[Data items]
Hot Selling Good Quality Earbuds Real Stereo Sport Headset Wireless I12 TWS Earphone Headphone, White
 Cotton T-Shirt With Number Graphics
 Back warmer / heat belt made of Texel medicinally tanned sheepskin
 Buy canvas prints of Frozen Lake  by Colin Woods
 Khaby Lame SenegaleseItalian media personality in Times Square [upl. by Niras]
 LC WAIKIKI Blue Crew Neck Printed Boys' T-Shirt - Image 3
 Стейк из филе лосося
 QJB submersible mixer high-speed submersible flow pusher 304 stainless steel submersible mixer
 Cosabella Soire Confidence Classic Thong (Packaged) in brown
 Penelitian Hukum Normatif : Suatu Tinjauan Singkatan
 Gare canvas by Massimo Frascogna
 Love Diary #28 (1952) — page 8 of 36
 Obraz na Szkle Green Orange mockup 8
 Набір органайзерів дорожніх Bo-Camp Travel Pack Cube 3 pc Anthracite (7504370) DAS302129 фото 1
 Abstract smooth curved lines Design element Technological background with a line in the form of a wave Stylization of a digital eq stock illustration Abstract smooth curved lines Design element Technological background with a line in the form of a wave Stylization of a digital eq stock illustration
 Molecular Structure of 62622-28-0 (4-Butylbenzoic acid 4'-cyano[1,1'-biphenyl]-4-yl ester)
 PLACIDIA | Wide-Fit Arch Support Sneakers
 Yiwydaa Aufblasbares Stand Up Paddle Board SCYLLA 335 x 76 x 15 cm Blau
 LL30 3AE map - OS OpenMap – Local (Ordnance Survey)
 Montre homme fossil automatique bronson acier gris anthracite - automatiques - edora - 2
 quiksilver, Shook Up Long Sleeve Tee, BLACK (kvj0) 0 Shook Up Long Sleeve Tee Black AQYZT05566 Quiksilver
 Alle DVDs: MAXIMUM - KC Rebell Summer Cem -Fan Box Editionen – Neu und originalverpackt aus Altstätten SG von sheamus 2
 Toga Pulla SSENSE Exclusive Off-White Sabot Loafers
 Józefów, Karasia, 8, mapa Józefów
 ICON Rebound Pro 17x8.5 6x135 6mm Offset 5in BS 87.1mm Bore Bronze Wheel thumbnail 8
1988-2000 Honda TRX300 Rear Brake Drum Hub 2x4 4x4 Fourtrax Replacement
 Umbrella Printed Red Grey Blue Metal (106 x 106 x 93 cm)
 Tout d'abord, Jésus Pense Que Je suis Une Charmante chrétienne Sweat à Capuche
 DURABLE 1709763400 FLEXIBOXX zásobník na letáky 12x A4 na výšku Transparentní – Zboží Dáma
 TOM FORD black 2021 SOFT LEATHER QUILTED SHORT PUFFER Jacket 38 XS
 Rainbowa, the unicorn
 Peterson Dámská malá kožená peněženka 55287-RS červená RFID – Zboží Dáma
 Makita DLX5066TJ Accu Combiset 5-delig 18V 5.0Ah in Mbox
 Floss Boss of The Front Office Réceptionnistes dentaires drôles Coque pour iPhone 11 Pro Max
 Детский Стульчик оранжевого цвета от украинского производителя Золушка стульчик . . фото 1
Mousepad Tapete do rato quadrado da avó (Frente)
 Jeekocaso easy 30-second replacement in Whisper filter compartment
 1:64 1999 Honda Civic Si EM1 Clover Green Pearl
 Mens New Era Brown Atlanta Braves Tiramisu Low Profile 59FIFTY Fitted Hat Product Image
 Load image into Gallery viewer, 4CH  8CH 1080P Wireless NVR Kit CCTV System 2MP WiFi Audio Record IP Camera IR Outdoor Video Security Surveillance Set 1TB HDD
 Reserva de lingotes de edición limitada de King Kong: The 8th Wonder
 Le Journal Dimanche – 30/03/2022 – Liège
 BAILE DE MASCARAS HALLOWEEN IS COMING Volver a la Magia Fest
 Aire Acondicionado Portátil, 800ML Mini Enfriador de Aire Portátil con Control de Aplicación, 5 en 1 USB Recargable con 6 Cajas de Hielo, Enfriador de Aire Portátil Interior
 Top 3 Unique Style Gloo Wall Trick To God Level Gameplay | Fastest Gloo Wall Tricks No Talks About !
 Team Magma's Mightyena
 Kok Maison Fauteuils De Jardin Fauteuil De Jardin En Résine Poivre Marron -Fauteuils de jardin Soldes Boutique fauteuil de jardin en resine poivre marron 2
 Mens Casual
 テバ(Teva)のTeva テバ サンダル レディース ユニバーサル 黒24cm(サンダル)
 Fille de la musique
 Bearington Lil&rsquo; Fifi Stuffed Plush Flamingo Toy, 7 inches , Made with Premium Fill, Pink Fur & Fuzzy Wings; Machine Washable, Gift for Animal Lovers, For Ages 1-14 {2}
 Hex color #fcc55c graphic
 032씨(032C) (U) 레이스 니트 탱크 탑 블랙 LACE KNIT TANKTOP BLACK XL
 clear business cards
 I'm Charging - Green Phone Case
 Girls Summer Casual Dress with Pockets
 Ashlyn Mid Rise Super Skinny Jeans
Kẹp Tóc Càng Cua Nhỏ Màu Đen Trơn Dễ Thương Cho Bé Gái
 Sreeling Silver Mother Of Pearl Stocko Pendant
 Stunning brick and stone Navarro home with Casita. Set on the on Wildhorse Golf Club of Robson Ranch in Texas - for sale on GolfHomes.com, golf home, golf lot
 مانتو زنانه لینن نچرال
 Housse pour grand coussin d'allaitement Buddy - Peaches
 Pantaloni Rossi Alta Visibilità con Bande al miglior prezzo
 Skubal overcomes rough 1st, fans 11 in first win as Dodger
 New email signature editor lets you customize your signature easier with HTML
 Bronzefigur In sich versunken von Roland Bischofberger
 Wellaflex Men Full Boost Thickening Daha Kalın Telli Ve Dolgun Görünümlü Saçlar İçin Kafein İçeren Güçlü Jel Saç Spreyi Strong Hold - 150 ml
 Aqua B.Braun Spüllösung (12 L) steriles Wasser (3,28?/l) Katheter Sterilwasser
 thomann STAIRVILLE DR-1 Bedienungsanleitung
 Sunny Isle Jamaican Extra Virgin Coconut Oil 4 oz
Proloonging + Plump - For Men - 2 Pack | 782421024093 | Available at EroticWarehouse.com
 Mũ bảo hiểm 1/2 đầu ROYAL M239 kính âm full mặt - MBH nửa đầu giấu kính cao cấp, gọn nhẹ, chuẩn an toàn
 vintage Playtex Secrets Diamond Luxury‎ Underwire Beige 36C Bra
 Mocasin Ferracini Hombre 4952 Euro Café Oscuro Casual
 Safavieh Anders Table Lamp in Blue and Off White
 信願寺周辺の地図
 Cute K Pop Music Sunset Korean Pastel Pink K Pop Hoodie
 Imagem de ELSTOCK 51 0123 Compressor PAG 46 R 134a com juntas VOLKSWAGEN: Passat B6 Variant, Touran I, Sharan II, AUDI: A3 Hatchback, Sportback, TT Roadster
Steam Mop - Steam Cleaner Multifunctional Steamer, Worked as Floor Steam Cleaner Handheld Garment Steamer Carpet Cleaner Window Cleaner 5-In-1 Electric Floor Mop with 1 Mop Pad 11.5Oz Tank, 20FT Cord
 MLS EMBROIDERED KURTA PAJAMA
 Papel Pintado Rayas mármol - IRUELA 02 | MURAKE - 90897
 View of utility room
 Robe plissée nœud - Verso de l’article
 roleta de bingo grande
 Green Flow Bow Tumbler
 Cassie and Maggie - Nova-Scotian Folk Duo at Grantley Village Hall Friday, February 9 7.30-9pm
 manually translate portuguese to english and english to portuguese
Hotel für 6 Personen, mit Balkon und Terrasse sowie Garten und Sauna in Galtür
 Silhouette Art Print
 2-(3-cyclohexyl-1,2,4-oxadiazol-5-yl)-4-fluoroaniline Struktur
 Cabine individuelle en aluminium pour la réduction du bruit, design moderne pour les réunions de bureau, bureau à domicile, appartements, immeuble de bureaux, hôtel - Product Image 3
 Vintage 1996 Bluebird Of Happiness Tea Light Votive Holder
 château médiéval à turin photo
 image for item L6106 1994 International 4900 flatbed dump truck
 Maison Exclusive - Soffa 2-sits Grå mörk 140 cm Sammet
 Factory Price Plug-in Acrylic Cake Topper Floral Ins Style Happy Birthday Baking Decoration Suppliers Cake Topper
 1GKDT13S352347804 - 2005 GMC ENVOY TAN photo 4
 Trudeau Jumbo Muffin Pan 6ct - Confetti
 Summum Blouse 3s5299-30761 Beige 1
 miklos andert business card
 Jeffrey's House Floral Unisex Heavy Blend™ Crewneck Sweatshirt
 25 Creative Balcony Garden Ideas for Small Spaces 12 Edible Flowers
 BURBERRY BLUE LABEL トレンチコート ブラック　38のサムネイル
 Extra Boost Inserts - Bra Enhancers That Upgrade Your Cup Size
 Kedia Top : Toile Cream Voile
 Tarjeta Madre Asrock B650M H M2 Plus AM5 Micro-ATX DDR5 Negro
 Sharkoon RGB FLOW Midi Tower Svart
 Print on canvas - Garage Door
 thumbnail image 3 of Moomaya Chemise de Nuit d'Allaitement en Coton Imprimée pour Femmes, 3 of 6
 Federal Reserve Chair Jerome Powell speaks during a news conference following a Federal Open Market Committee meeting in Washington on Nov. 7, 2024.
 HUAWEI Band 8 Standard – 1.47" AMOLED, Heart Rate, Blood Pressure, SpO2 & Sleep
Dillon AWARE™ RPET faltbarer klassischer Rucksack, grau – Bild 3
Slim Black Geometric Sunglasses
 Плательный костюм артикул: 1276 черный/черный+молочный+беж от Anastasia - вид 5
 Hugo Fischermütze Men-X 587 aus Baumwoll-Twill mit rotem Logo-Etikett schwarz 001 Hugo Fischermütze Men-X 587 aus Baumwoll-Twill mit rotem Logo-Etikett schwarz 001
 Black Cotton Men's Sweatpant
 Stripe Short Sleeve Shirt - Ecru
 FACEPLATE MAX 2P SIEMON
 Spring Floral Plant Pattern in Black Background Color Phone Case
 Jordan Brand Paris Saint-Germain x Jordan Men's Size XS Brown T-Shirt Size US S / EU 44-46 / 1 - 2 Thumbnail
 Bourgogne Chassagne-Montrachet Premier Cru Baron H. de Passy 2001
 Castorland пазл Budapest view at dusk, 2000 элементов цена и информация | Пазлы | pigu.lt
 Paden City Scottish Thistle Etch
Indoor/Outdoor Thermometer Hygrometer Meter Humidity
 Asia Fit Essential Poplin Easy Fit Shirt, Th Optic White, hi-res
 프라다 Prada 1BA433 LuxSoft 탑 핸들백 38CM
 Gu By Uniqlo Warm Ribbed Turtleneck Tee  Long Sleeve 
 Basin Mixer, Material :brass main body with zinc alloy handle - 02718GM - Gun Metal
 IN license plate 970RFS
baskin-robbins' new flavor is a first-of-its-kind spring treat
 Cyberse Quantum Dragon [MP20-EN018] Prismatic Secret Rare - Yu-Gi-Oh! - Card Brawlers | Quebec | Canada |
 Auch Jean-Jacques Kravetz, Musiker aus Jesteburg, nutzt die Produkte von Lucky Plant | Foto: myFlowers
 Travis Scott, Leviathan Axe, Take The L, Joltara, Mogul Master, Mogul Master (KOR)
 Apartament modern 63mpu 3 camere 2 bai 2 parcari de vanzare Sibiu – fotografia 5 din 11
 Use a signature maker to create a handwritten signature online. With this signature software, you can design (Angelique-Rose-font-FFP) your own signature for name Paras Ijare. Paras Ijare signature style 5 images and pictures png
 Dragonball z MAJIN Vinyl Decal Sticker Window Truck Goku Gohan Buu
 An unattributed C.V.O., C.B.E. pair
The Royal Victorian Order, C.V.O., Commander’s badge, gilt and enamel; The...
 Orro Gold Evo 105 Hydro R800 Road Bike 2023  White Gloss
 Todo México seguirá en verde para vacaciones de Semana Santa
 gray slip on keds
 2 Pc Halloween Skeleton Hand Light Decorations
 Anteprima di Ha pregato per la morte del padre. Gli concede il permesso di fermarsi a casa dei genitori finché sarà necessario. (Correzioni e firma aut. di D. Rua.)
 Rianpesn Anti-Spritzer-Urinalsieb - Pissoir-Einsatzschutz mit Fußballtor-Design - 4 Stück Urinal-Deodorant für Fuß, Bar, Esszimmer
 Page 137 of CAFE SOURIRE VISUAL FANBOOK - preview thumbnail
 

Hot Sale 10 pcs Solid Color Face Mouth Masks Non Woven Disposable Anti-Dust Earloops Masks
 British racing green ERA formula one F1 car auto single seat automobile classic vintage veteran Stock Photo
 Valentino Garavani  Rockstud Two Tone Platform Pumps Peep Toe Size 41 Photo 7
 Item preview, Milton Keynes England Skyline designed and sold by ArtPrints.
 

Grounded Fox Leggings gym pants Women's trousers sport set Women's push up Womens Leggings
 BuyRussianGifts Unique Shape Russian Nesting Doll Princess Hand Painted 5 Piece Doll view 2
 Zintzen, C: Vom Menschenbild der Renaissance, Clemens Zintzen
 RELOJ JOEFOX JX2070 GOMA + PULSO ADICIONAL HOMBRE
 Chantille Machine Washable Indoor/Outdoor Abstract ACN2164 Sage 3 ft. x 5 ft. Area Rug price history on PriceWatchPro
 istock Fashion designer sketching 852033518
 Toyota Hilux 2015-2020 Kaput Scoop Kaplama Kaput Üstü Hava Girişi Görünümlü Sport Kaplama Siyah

▶ Problem statement
The entries above hold the needed span. Transcribe exactly the lines from the one with "Basin Mixer, Material" to the one with "Apartament modern 63mpu", both included.

▶ Answer below
 Basin Mixer, Material :brass main body with zinc alloy handle - 02718GM - Gun Metal
 IN license plate 970RFS
baskin-robbins' new flavor is a first-of-its-kind spring treat
 Cyberse Quantum Dragon [MP20-EN018] Prismatic Secret Rare - Yu-Gi-Oh! - Card Brawlers | Quebec | Canada |
 Auch Jean-Jacques Kravetz, Musiker aus Jesteburg, nutzt die Produkte von Lucky Plant | Foto: myFlowers
 Travis Scott, Leviathan Axe, Take The L, Joltara, Mogul Master, Mogul Master (KOR)
 Apartament modern 63mpu 3 camere 2 bai 2 parcari de vanzare Sibiu – fotografia 5 din 11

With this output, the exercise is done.